Durante años, muchos aficionados creyeron que la llegada de Daredevil a Netflix era una decisión lógica dentro del universo Marvel. Sin embargo, la realidad es mucho más interesante. Antes de convertirse en una serie, Matt Murdock estuvo a punto de regresar al cine con un proyecto de dos películas que nunca se llegó a filmar. El encargado de esa propuesta fue Drew Goddard, guionista de The Martian y Project Hail Mary. Recientemente ha revelado que presentó a Marvel Studios una idea bastante definida sobre cómo relanzar al Hombre sin Miedo. Un plan que contemplaba dos películas y enfrentamientos muy impactantes… pero que finalmente se transformó en la serie que vimos en Netflix. Para comprender cómo se llegó a esta situación, es necesario retroceder a principios de la década de 2010. En ese momento, los derechos de Daredevil aún pertenecían a 20th Century Fox, que intentaba desarrollar una nueva película del personaje tras el filme de 2003 protagonizado por Ben Affleck. Fox incluso llegó a trabajar en una versión con clasificación R dirigida por Joe Carnahan, el responsable de The A-Team. No obstante, el proyecto nunca logró despegar realmente y el tiempo comenzó a escasear. Si el estudio no producía la película dentro del plazo legal, los derechos del personaje regresarían automáticamente a Marvel Studios. Kevin Feige intentó negociar con Fox para que mantuvieran al personaje a cambio de dos piezas clave del universo cósmico: Galactus y Silver Surfer. Sin embargo, el estudio rechazó la oferta. Como resultado, Daredevil finalmente volvió a Marvel, que comenzó a considerar qué hacer con el vigilante de Hell’s Kitchen. En ese contexto, Drew Goddard presentó una idea bastante ambiciosa. El guionista propuso a Marvel un plan de dos películas centradas en el personaje, una especie de saga que exploraría el lado más oscuro del universo superheroico. Según explicó el propio Goddard, su primera película tenía un enemigo muy claro: Kingpin.
«Recuerdo haberles comentado que el antagonista de la segunda película debería ser Punisher», explicó el guionista. «A todos en la sala les pareció emocionante. Siempre he disfrutado ver a dos héroes enfrentarse entre sí». Aunque la idea era atractiva, Marvel Studios enfrentaba un problema significativo en ese momento: el tono de la historia. A inicios de la década de 2010, el modelo del MCU era bastante claro. Las películas debían encajar dentro de un marco PG-13, accesible para todos los públicos. Historias que fueran demasiado oscuras o violentas no se alineaban bien con esa estrategia. El propio Goddard recordó que había cierta inquietud en el estudio. Daredevil es un personaje cuyas historias son mucho más adultas que las de otros héroes de Marvel, y llevar ese tono al cine dentro de los límites del PG-13 no parecía ser una tarea sencilla. La solución llegó con el auge del streaming. Marvel Television decidió apostar por una serie en Netflix con clasificación TV-MA, lo que permitía explorar ese lado más crudo del personaje sin las restricciones del cine familiar.

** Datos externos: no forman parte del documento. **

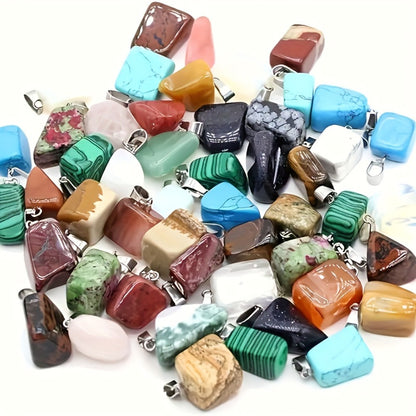 Jewelry Making Beads - Natural Agate Pendants 30pcs for - Irregular Boho Stone Charms for DIY - product detail view 8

El resultado fue Daredevil, que se estrenó en 2015. La serie se convirtió rápidamente en una de las producciones de superhéroes más aclamadas de la televisión, gracias a su tono oscuro, sus combates brutales y la actuación de Charlie Cox como Matt Murdock. La ficción duró tres temporadas, consolidando al personaje como uno de los favoritos del público dentro del catálogo de Marvel en Netflix. Sin embargo, el lanzamiento de Disney+ alteró el panorama y todas las series del estudio en la plataforma fueron canceladas. Aun así, el personaje no desapareció. Charlie Cox regresó al papel en el MCU con apariciones en Spider-Man: No Way Home, She-Hulk, Echo y más tarde en Daredevil: Born Again.»